MR BERRY (continuing):

While it has seriously considered your suggestion the Committee has decided that its current commitments do not allow it to seek an additional reference at this time. However, the Committee will reconsider seeking a reference on the issue when it has concluded its current inquiry.

There is still interest in it at the national level. The minister is asking us to do a bit of an inquiry in relation to these matters in the ACT and forget the fact that the national emphasis might still be pursued at some later time. I consider his stubbornness on this issue to be quite astounding. For months he has been pushing this barrow and for months the committee has been trying to tell him that there are other ways of doing it which are more appropriate, but the minister continues to persist doggedly with the line that he has adopted in relation to referring to this Assembly committee work that ought to be conducted by the government.

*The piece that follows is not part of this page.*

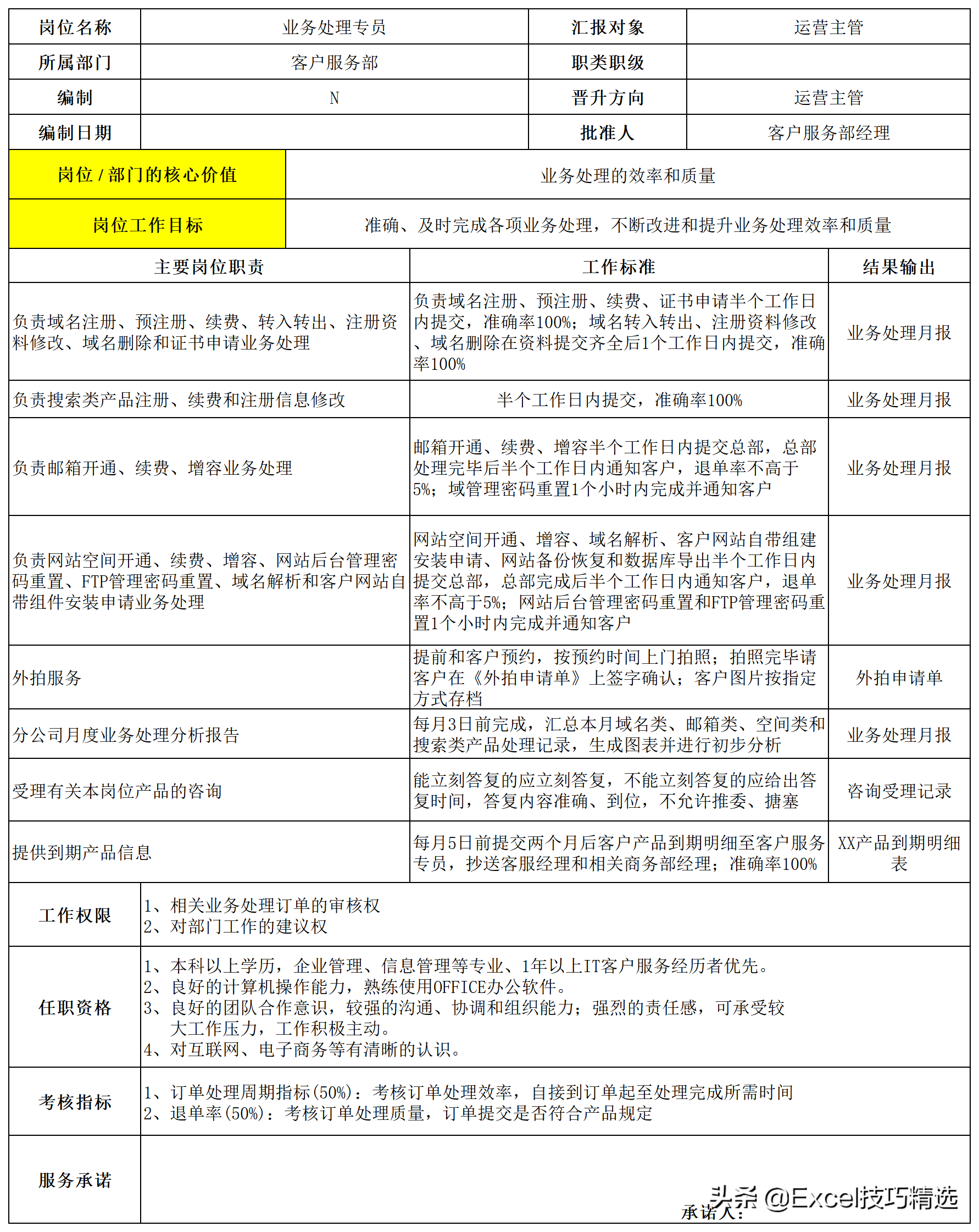 公司7个职能部门26个关键岗位的职责说明与作业指导，转发收藏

I can only conclude that the minister's aim is to try to keep the committee busy doing things that he wants it to do rather than allowing the committee to do things that Assembly members want it to do and that he would rather set the priorities for the committees than have the committees set some of their own priorities. Yes, it is an obligation that this house can respond to, but I say to members in relation to this matter that it is clearly something about which there is interest at a national level, about which there will be an inquiry and about which there is already information available that the minister could, if he really wanted to, get some of his departmental officers to deal with or, if he considers it to be so important, hire some sort of consultant or someone else to deal with the issue.

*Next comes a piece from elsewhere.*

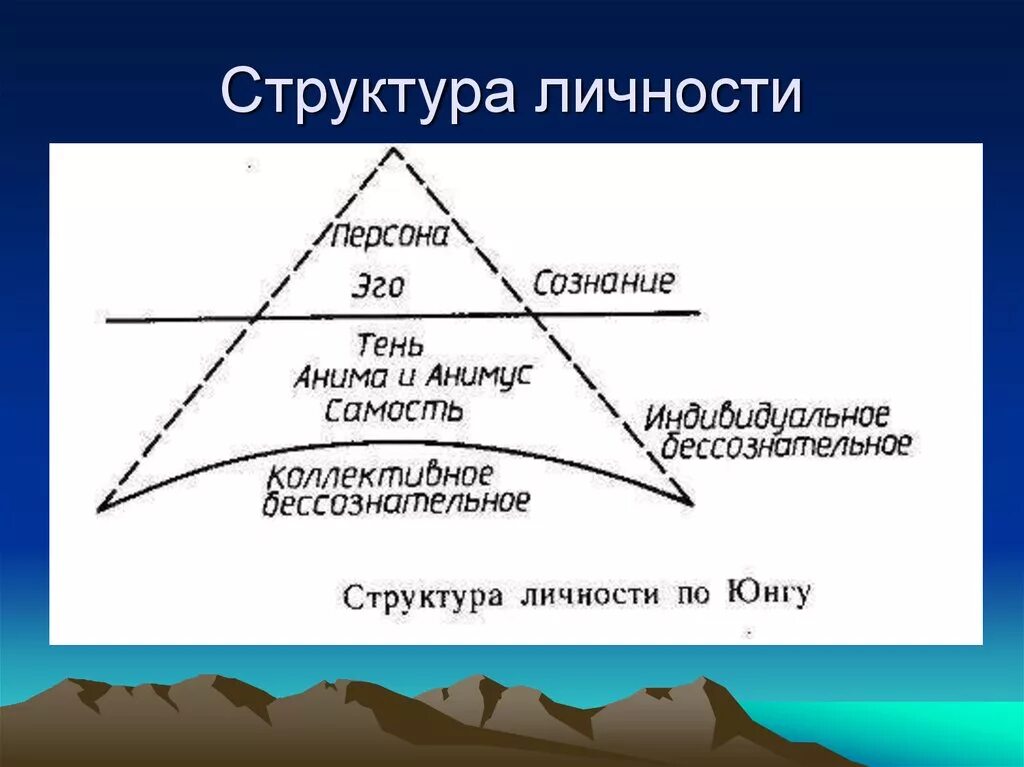 Самость юнга. Юнг схема личности. Юнг структура личности коллективное бессознательное. Схемы по структуре личности Юнг.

To force it upon a committee in the way that the minister has just smells to me like some sort of ideological mindset, trying to keep the committee busy doing things that the government wants it to do, rather than on matters which are before the committee or might be taken on by the committee in the future. Mr Speaker, Labor will be opposing this silly move by the government.

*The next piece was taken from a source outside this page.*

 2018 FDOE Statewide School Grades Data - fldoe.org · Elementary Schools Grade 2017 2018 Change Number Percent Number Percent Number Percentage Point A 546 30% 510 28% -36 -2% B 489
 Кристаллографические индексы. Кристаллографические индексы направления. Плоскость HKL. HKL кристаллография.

Mr Moore made reference to the issue of taxis. I can just imagine what happened there: somebody from the taxi company or from the taxi industry said that we should have an inquiry and, as a member of the Legislative Assembly who wants to represent his constituents well, he said, "I will help you out, mate. I will get an inquiry started." Of course, he tried. Therefore, the person who approached him felt happy. But to use that as a reference in this debate is quite inappropriate.

It is clear that the deal here is that the government wants the committee to get busy on something that the government should be doing and it is something in which the minister is involved at one level or another at the appropriate ministerial council. It is an issue in which two areas of the national government have expressed an interest, that is, the relevant Senate committee and the relevant House of Representatives committee. They have said that it is important and they have indicated that they might deal with it later. Why on earth do you want to lock this Assembly into a minor inquiry in the scheme of things, one which looks just at the ACT, when it really would be better to see what the national outcomes were? If the government is so interested in it, why does it not just do so itself?